"""

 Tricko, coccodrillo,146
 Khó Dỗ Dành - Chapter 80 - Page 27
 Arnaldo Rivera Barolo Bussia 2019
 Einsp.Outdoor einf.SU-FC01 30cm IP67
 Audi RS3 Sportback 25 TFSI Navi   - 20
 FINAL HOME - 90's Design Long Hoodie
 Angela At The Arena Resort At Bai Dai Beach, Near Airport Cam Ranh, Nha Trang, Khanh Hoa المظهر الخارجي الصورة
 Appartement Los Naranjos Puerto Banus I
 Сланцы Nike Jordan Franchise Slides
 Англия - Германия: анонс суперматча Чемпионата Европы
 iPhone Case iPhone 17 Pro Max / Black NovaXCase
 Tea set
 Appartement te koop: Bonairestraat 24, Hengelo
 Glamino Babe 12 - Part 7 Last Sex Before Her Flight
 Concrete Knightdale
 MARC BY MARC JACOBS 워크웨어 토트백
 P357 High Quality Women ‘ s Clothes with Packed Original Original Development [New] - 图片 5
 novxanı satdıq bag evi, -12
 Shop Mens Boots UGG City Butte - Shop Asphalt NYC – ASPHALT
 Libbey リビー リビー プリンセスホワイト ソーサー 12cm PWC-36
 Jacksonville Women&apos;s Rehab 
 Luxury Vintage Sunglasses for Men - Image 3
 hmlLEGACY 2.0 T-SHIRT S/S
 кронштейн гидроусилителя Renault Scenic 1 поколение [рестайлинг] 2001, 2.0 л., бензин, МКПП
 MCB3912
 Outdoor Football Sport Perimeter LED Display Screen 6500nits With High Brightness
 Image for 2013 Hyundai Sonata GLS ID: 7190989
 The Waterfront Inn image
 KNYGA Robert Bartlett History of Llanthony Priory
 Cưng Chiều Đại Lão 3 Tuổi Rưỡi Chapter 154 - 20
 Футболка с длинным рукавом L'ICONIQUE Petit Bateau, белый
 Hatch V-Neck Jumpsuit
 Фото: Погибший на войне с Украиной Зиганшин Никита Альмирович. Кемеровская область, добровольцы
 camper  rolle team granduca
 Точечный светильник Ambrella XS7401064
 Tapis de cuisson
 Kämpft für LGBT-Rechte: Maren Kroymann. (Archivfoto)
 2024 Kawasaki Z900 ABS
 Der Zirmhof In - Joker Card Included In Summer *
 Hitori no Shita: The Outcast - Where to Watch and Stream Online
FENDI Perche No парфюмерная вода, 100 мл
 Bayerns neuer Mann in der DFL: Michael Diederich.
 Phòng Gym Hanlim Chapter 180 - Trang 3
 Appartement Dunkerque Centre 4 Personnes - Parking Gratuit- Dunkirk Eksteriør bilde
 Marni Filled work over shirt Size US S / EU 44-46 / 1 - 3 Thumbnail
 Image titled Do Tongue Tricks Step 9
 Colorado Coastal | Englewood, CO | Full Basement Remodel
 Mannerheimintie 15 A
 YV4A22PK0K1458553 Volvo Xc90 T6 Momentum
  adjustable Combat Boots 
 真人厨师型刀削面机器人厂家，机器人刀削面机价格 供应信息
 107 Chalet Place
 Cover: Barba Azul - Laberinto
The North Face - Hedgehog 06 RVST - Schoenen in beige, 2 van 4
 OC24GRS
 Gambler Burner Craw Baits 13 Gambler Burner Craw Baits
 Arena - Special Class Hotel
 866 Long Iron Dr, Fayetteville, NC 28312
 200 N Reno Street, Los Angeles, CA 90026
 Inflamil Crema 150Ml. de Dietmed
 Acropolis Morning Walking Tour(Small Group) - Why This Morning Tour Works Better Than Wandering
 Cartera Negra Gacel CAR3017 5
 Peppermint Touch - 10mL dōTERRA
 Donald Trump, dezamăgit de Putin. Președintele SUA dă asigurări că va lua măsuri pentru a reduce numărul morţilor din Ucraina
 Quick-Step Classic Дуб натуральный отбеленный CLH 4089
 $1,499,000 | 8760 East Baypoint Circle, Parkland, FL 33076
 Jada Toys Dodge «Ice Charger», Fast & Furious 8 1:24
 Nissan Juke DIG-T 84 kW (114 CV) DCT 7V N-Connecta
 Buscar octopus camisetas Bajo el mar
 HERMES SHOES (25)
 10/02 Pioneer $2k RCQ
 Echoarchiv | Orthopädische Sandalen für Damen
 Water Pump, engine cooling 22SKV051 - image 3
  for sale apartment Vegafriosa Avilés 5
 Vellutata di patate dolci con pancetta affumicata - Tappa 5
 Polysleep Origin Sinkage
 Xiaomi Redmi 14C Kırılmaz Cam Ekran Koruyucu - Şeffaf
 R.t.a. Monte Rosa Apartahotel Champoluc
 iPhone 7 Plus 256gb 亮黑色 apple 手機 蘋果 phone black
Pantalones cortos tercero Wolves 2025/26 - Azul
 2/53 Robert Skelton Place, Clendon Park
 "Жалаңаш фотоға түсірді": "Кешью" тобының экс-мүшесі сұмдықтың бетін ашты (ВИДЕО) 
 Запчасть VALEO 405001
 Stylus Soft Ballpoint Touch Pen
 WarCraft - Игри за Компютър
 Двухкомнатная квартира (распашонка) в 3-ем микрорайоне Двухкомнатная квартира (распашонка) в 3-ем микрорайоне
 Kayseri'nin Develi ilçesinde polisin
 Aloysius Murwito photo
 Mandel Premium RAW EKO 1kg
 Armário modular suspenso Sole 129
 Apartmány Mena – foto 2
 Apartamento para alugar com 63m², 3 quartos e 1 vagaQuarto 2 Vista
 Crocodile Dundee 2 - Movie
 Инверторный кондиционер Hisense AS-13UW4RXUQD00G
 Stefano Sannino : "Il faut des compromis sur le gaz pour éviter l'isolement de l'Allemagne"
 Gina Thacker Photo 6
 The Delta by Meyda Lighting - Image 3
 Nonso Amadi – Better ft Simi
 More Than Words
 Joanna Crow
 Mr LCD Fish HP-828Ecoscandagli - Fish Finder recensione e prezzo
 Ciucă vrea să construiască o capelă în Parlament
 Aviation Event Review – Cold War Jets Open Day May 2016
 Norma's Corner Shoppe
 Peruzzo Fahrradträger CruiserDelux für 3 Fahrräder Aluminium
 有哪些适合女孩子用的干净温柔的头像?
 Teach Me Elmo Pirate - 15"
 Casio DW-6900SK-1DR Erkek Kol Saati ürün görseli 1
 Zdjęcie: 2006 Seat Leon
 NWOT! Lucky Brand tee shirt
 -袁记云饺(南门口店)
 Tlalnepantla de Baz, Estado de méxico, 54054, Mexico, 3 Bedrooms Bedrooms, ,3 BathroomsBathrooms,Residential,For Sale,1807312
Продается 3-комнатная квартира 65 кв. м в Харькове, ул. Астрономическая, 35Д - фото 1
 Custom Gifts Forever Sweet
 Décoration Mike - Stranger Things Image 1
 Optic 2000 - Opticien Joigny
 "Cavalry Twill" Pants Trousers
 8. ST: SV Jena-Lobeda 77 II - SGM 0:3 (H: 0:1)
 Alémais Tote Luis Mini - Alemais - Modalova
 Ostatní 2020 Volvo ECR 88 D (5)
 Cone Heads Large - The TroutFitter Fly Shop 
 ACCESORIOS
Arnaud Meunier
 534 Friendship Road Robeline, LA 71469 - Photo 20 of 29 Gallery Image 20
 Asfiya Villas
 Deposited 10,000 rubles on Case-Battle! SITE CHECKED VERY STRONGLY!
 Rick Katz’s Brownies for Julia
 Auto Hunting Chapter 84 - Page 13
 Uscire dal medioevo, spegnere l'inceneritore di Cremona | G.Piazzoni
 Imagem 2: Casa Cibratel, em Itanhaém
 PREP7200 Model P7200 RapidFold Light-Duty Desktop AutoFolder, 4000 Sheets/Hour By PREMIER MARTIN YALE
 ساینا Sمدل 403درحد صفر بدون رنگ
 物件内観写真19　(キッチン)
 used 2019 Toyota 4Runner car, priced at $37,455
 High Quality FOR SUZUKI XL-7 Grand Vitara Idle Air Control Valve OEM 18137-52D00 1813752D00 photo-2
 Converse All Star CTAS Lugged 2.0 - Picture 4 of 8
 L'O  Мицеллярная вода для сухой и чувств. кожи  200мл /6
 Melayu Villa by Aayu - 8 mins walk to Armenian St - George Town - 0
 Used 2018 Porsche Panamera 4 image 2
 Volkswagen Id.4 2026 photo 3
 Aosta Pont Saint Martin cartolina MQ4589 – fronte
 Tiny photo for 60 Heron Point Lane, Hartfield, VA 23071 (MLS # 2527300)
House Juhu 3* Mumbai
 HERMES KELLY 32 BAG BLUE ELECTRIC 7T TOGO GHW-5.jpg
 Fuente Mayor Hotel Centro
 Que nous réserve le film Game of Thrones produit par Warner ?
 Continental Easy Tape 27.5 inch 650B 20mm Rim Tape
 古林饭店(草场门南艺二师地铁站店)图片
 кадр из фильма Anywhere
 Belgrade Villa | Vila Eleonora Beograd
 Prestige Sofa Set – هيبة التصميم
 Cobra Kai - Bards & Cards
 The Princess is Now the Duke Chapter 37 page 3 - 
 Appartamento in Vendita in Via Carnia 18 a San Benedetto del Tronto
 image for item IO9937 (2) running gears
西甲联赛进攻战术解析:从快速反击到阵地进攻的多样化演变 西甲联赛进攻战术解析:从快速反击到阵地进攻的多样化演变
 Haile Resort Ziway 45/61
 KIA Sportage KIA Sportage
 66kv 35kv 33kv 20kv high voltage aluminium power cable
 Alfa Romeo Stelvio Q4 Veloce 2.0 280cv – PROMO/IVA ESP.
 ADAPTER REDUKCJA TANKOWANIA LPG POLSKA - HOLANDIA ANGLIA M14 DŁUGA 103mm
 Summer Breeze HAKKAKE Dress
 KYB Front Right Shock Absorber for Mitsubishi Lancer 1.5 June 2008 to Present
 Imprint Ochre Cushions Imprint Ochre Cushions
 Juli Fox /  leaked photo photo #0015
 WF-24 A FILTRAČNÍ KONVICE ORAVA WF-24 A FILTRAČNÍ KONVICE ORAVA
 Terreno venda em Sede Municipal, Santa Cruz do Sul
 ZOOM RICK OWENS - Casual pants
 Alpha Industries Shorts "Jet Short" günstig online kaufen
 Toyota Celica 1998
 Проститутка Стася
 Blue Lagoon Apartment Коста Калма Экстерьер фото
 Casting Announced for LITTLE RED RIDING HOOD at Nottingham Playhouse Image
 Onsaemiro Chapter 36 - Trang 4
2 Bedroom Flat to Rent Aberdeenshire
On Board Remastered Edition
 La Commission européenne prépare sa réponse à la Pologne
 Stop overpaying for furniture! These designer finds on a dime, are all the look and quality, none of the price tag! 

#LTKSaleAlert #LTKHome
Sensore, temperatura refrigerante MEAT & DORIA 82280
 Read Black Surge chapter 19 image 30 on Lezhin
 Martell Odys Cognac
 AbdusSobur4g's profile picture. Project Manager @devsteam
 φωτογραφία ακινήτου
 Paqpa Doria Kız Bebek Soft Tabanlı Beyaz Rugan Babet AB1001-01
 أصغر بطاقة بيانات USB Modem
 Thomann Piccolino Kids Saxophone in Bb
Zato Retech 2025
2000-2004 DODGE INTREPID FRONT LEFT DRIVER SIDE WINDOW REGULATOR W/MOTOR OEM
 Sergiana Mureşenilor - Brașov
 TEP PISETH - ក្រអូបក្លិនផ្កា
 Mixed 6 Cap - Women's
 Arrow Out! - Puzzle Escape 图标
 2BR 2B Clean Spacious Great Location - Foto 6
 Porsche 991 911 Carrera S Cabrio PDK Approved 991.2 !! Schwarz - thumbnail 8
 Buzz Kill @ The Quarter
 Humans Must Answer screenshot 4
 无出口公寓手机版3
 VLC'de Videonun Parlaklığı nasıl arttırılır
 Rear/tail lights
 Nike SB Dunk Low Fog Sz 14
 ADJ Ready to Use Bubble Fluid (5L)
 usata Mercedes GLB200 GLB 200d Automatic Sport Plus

"""

» **The task**:
Scan the material above for the word "Robert". Copy each line where it occurs.

» **Answer section**:
 KNYGA Robert Bartlett History of Llanthony Priory
 2/53 Robert Skelton Place, Clendon Park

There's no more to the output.